Le titre du livre définit l’espace de la gestation, abri temporaire et nourricier pour l’enfant, mais aussi pour le poème. Dès le seuil, on oscille : 

J’empoigne ta lumière,
mesure
l’espace –
les poudrières terrées sous la peau.
Le couteau de l’aube me racle le ventre
         y creuse un nid
         pour notre joie. 

Mystères des organes, de ce qui s’y trame face à des forces hostiles : « poudrières » et « couteau », plus loin des « lances », des « gouges », des « ronces », des volets comme des« tenailles pour la nuit »… Quant à la joie, on la « serr[e] comme un fusil ». C’est une « joie violente qui incise et recoud les journées / étrangle une dernière fois les images », une « piqûre de vive ».

Le paysage et les sensations fusionnent, avec un « nous » qui soulève les mots. L’amour et le poème devenu musique de ces corps fusionnés se lient, « ombrelles de peau vive ».

Si pour la mère « la douleur serpente comme une lame de fond », l’enfant découvre de l’intérieur « un corps d’angles [et] d’arêtes », dans « ce ventre, cloître à papillons / où les tripes et les ailes / s’entrechoquent ».

Vivre, au premier plan, se nourrit du souffle de deux êtres unis, la mère et l’enfant qu’elle porte : « nos mains soudées par nos voix basses ». Cette écriture offre un cœur, à l’avant des mots.
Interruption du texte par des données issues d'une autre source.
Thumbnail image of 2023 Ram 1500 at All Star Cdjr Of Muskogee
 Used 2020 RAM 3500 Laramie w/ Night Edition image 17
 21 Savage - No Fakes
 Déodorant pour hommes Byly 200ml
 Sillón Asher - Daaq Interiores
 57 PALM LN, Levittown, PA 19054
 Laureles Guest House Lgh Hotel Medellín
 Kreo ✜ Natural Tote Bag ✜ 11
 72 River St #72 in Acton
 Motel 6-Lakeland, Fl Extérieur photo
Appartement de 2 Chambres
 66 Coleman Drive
Celui qui se glisse dans l’écriture avant de naître est aimé, ainsi s’écrit le poème. « Si seulement un poème ! » L’urgence naît à son tour : « enfin pailleter nos apparitions ».

Mais la gestation du poème, « gibier d’ombre et de neige », est elle aussi difficile : parfois « les mots s’étouffent tranquilles », parfois ils livrent une « ecchymose sur la page », ou, pire encore, on découvre « toute parole décapitée avant de battre d’une aile ».

Une histoire tellurique a commencé ; les verbes de mouvement rapprochent les textes des forces élémentaires qui les font naître : 

L’ombre tiède, lentement,
coagule entre nos murs. 

À chaque image sa portée matricielle dans une langue apparemment simple (les phrases complexes sont rares), pourvoyeuse de vertiges et d’assauts. Les verbes instaurent un écart et une dérive légère du sens – un appel à naître ou à découvrir. Les oppositions, simples et binaires (entre brûlure et froid par exemple), offrent une grille de lecture dans laquelle les parallélismes sont nombreux : « des phrases-libellules – quignons de mots » dansent devant nos yeux pour entrer dans L’Enclos des hanches.

Des vers, centrés ou décalés, inclinent le texte comme penchent ou se tendent les corps, « jusqu’à de minces / touffes d’herbes ». L’accord ancestral entre les corps et la terre est relu et le poème peut tendre vers la prose heureuse d’un arrêt du temps pour une expansion jusqu’au bout de la ligne des corps : « Je m’embusque avec le silence dans la chambre ». Ce silence omniprésent conditionne l’expression poétique. Le souffle manque (il s’étrangle, on étouffe), c’est que « notre bouche rougit dans cette mangeoire ».

À la fin du livre, les derniers poèmes éprouvent la venue, lente remontée d’un cours ou descente douloureuse. La naissance alors devient l’aboutissement (la consécration). « [T]u arrives froissé comme un lin », le doute n’est plus qui parcourait le livre, le « nous » se divise :

je caresse ton front
langues et paumes ombilicales. 

Ce« levain d’alliances » nourrira encore la voix du poème :

Une syllabe élimée commence la traversée –
notre pas dilate la source dans l’enclos des hanches.